----- MATERIAL FOR THE TASK -----
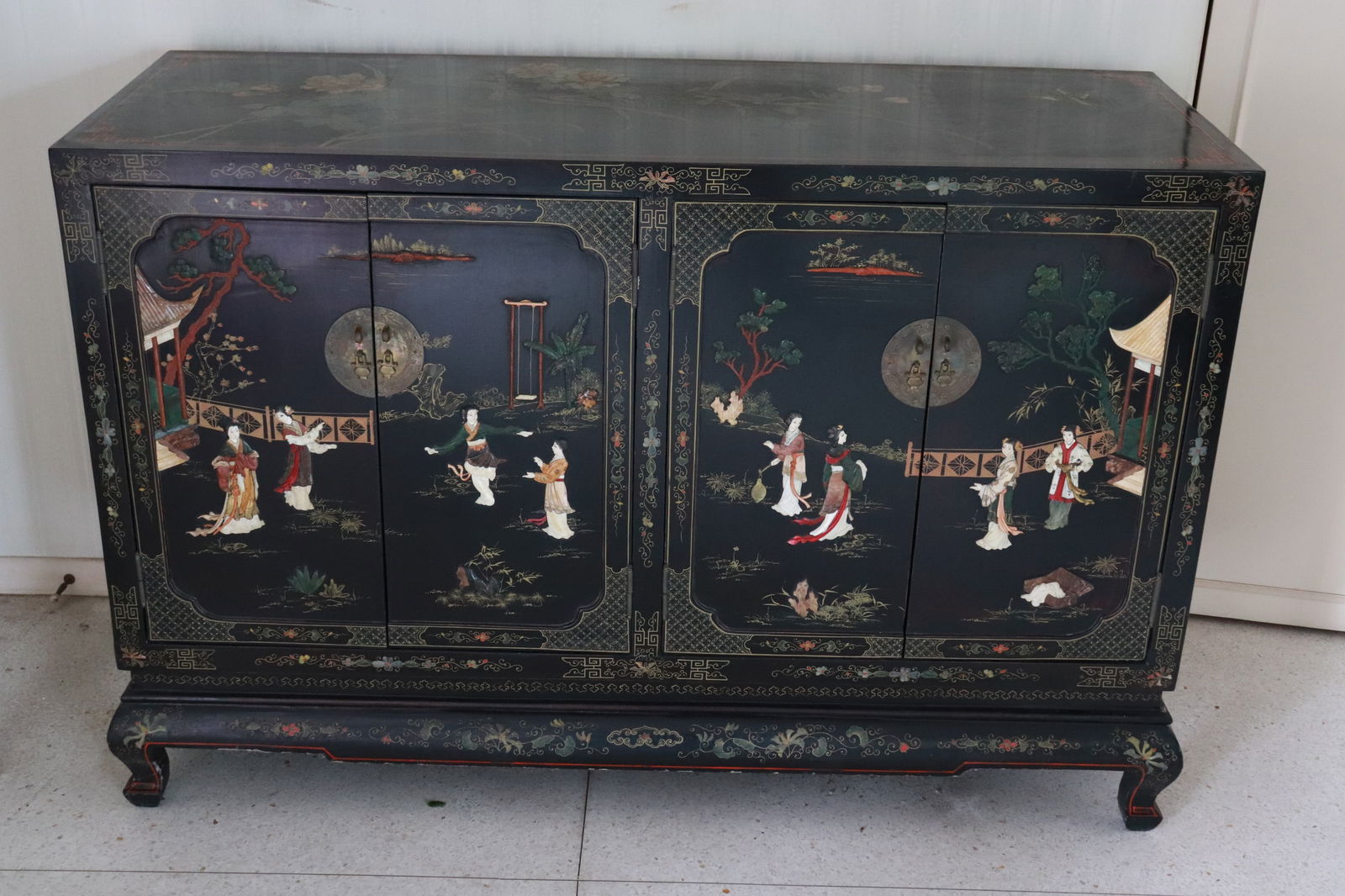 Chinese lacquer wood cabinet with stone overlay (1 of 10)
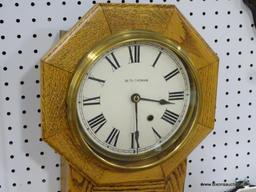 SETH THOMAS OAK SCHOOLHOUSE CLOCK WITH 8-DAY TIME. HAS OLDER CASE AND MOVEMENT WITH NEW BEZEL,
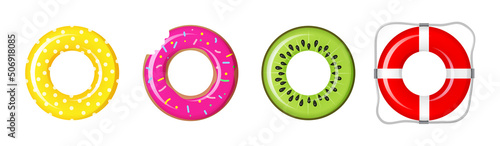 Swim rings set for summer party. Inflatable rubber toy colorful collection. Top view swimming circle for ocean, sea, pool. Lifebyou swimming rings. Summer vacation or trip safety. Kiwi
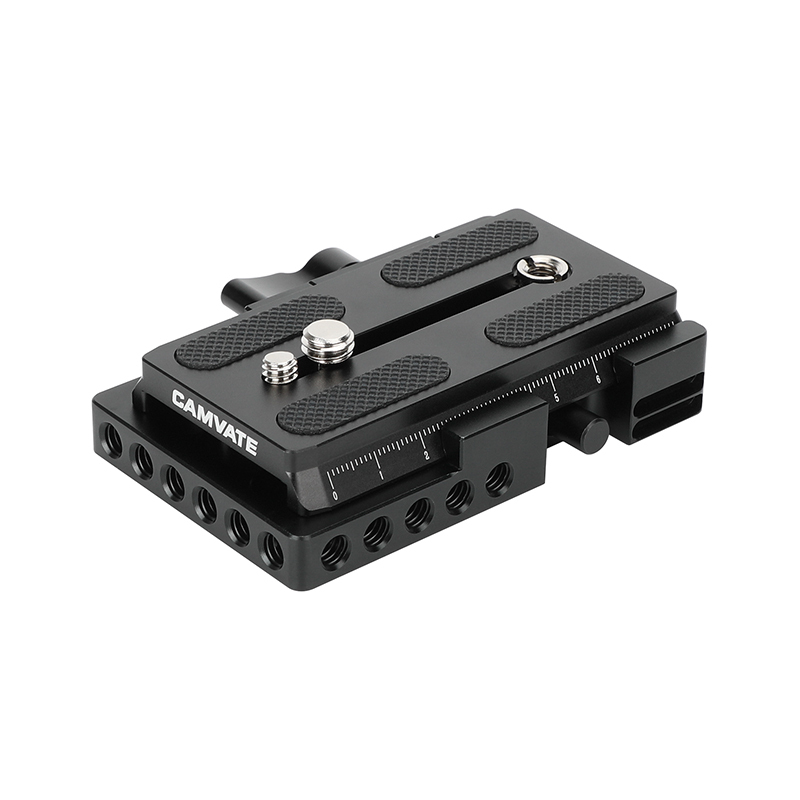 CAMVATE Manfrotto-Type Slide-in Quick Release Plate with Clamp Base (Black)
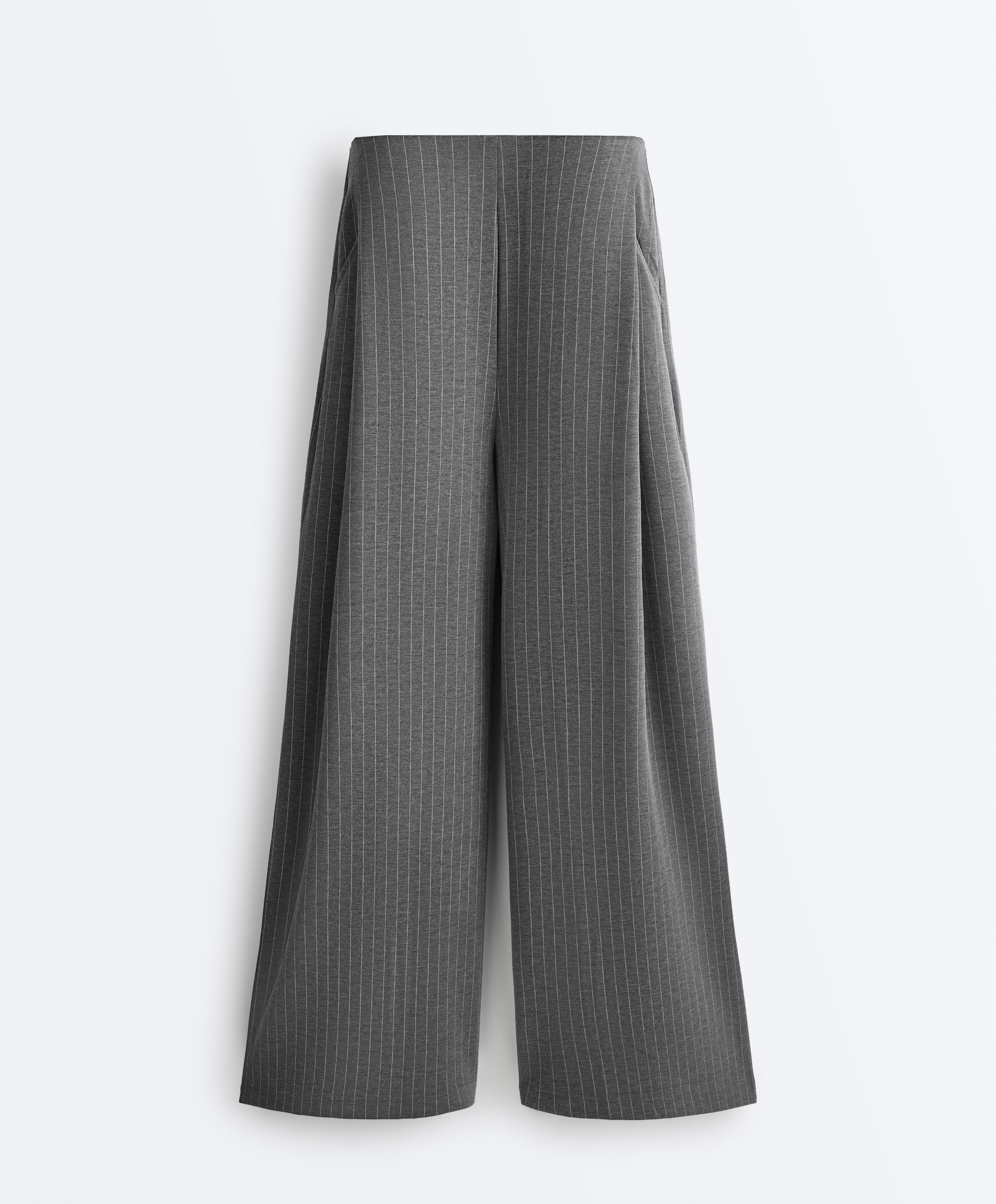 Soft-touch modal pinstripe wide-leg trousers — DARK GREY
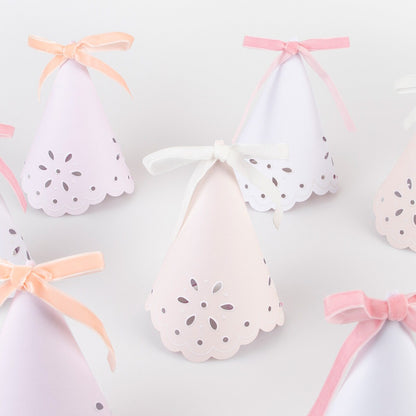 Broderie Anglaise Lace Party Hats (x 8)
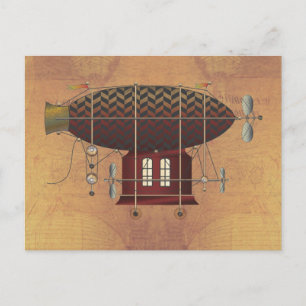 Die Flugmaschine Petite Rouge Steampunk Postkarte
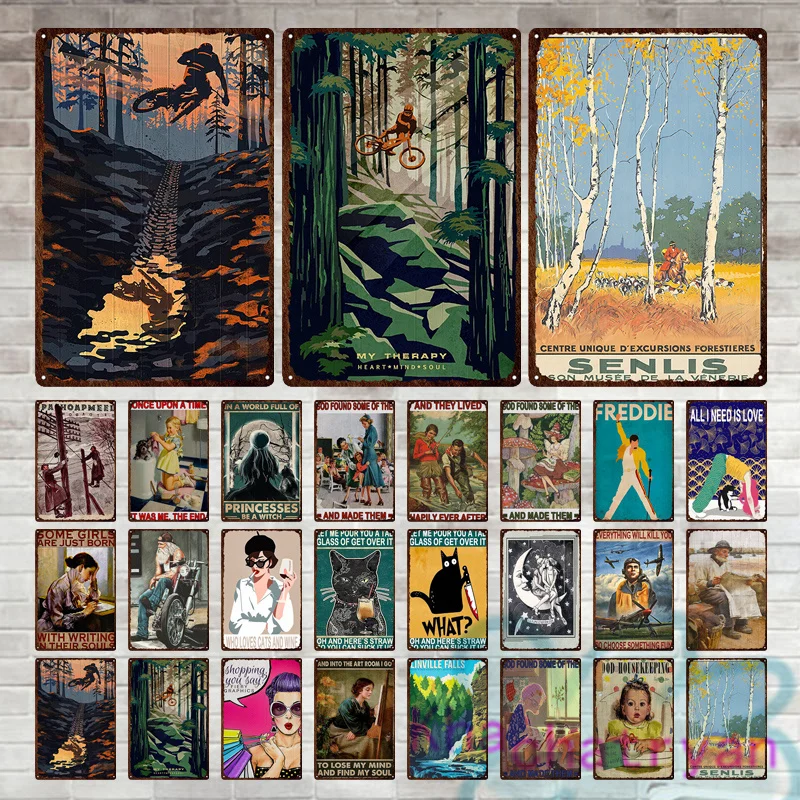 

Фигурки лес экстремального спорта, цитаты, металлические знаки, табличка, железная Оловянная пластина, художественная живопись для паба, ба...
-----
----- MATERIAL FOR THE TASK -----
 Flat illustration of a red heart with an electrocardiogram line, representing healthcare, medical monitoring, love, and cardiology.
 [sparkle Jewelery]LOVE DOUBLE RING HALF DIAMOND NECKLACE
-----
----- MATERIAL FOR THE TASK -----
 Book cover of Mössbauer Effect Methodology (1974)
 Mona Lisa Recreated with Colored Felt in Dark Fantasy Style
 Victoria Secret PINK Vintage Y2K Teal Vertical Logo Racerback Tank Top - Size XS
-----
**TASK DETAILS:**
Take the records above and return, word for word, only the lines that fall from the line with "Mona Lisa Recreated" to the line with "Victoria Secret PINK", both of them included.

**FINAL ANSWER:**
 Mona Lisa Recreated with Colored Felt in Dark Fantasy Style
 Victoria Secret PINK Vintage Y2K Teal Vertical Logo Racerback Tank Top - Size XS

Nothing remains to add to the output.